Project Description

Places that Have No Names

El Paso to Lynchburg by Train

For the Oxford American magazine

DESERT

I took the train out of El Paso on a Saturday afternoon in August. After a long stay in the Guadalupe Mountains of West Texas, I was going home to my Appalachians, the Blue Ridge of Virginia. I could tell you more about that summer—about loneliness, maybe—but this is not a story about that. I could tell you how I spent my days watching storms roll across the high desert in sheets of blue, how the Mexican hats were blooming, exuberant, and the red flowers of the spiny cholla unfolded like roses. And that, though I was lonely, there were the flowers and the storms, and long narrow canyons in which I could lose track of time, and I did not want to leave and go home. I could tell you a lot, but instead I’ll just say that I walked into the cool marble station and checked my bags at the ticket counter. I waited on one of the long wooden benches that was like a pew in an old church, where motes of dust were drifting in shafts of soft light while the Sunset Limited was readied for departure.

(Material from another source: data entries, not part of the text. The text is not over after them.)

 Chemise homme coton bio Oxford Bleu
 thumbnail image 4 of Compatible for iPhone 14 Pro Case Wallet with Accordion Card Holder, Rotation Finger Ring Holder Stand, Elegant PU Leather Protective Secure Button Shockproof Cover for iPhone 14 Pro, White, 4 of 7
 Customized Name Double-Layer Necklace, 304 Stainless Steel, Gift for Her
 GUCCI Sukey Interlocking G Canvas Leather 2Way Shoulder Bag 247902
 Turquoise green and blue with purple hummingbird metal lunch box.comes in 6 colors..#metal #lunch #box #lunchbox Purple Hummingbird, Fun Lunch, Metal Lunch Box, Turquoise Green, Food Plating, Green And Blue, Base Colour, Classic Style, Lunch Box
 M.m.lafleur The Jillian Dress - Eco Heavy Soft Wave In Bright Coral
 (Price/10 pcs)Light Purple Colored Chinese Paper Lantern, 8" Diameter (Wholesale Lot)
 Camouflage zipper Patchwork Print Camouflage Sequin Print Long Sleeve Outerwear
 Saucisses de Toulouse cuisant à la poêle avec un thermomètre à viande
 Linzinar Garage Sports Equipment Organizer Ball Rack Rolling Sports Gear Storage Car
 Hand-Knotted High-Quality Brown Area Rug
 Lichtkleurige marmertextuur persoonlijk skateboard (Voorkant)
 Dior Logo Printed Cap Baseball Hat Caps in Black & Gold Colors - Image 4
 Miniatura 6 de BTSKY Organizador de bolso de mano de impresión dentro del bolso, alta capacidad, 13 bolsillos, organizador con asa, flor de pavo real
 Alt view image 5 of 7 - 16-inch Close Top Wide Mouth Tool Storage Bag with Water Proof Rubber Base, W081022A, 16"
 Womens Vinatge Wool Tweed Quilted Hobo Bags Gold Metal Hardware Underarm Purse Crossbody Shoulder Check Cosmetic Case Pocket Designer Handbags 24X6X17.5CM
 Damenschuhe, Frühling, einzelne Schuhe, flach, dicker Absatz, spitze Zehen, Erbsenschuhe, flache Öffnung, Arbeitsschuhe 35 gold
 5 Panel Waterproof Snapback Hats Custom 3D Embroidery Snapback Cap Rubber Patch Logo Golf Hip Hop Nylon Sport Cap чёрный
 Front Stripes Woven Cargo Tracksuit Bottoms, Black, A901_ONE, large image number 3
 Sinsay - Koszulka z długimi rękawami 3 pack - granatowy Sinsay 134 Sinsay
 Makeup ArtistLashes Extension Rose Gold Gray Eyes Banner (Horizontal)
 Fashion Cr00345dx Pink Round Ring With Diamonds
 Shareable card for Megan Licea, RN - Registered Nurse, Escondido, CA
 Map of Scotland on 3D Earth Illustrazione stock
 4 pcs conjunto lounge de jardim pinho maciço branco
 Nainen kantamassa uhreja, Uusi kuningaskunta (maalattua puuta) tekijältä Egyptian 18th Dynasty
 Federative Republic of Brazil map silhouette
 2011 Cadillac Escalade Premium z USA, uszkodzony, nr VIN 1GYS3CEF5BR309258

In late afternoon, I boarded. As the train began to roll, I felt the weight of it on the tracks, felt the tracks beneath us. As we pulled away from the station, El Paso from the window was desolate, monochrome desert. Hard brown earth. Red graffiti on silver boxcars glinting in the sharp sun in the rail yard. The train rolled out through El Paso, past the used car and auto-parts lots, handwritten signs in Spanish fastened to chain-link fences. It rolled out past that border city that looks down into Mexico. Rolled out into the desert. Cactus, rock, yucca. The emptiness, the color. I listened to the sound of scraping rails, flinty, like the cleaning of bone. The whine and high whistle as we passed towns and crossings, pulled into stations.